__Work request__. Return an exact copy of the lines from the one holding "Real estate photographer" to the end of the data, including both the starting and final lines. Leave the pictures out.

__Supplied information__.
»»

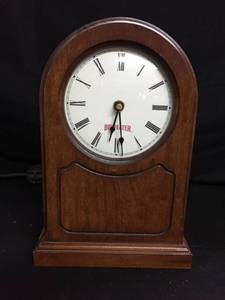 lot 220 image: Beefeater Gin wood mantle clock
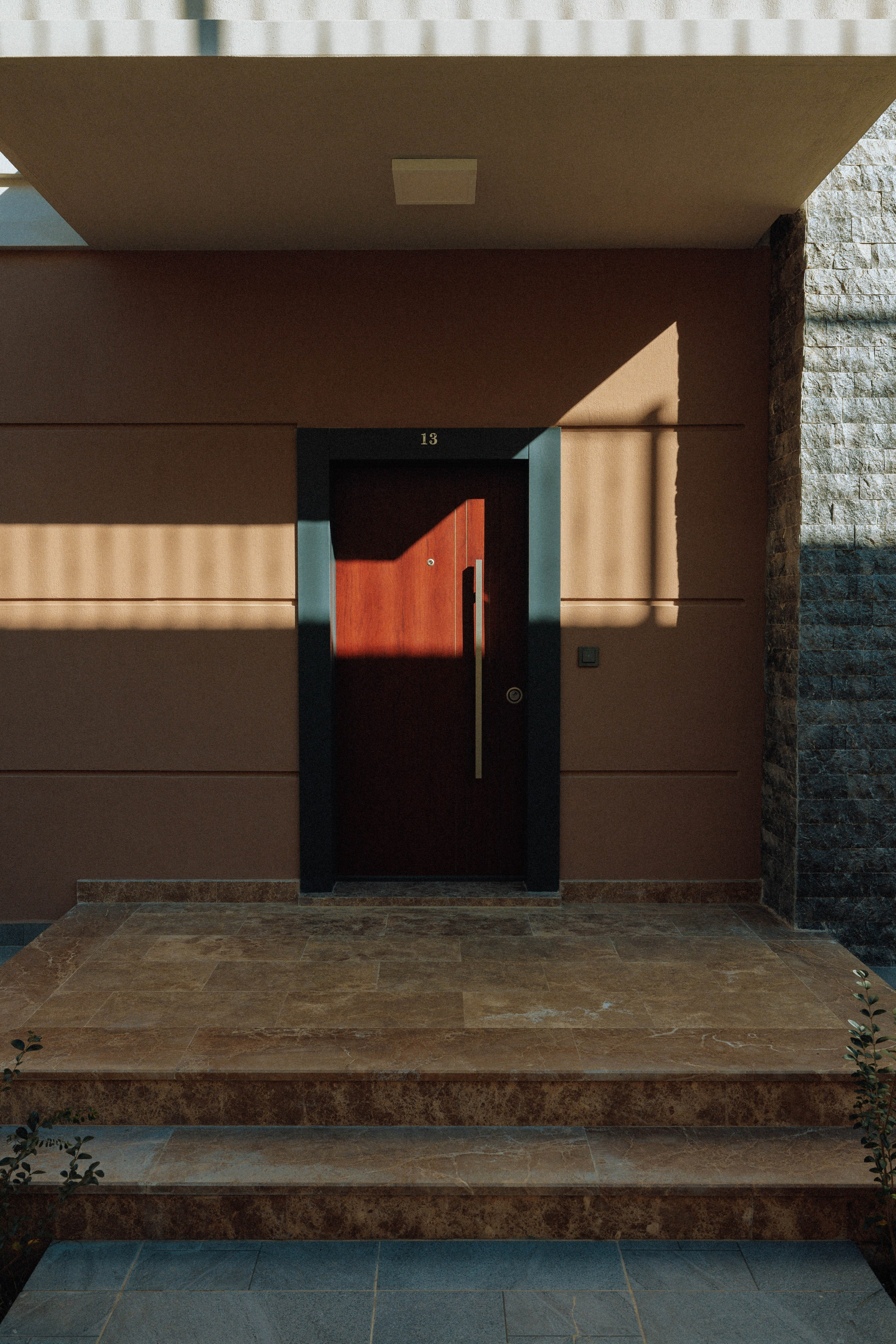 Real estate photographer in Vancouver Burnaby Richmond. Ivan Skufinsky — wedding and family photographer in Vancouver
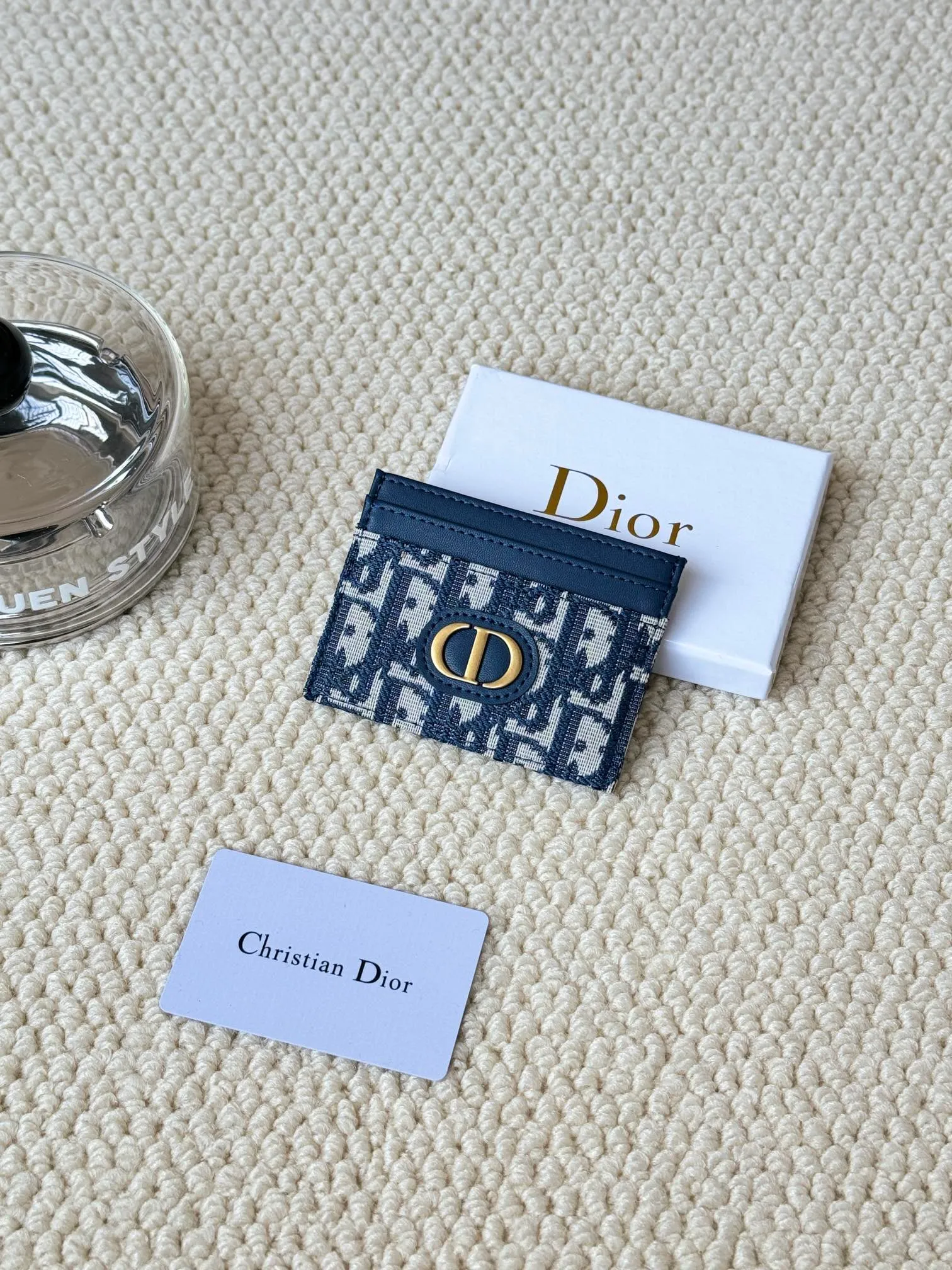 💰110 dior's card holder -30 Montaigne card holder is exquisite and elegant. Made of blue jacquard fabric, detailed with Oblique print and CD logo on the front. Practical and compact, it can store small daily necessities and can be easily put into various handbags. CD logo on front 2 card slots 1 patch pocket Number: S2152 Dimensions: 10 x 7.5 x 0.5 cm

««

__Exercise solution__.
 Real estate photographer in Vancouver Burnaby Richmond. Ivan Skufinsky — wedding and family photographer in Vancouver
 💰110 dior's card holder -30 Montaigne card holder is exquisite and elegant. Made of blue jacquard fabric, detailed with Oblique print and CD logo on the front. Practical and compact, it can store small daily necessities and can be easily put into various handbags. CD logo on front 2 card slots 1 patch pocket Number: S2152 Dimensions: 10 x 7.5 x 0.5 cm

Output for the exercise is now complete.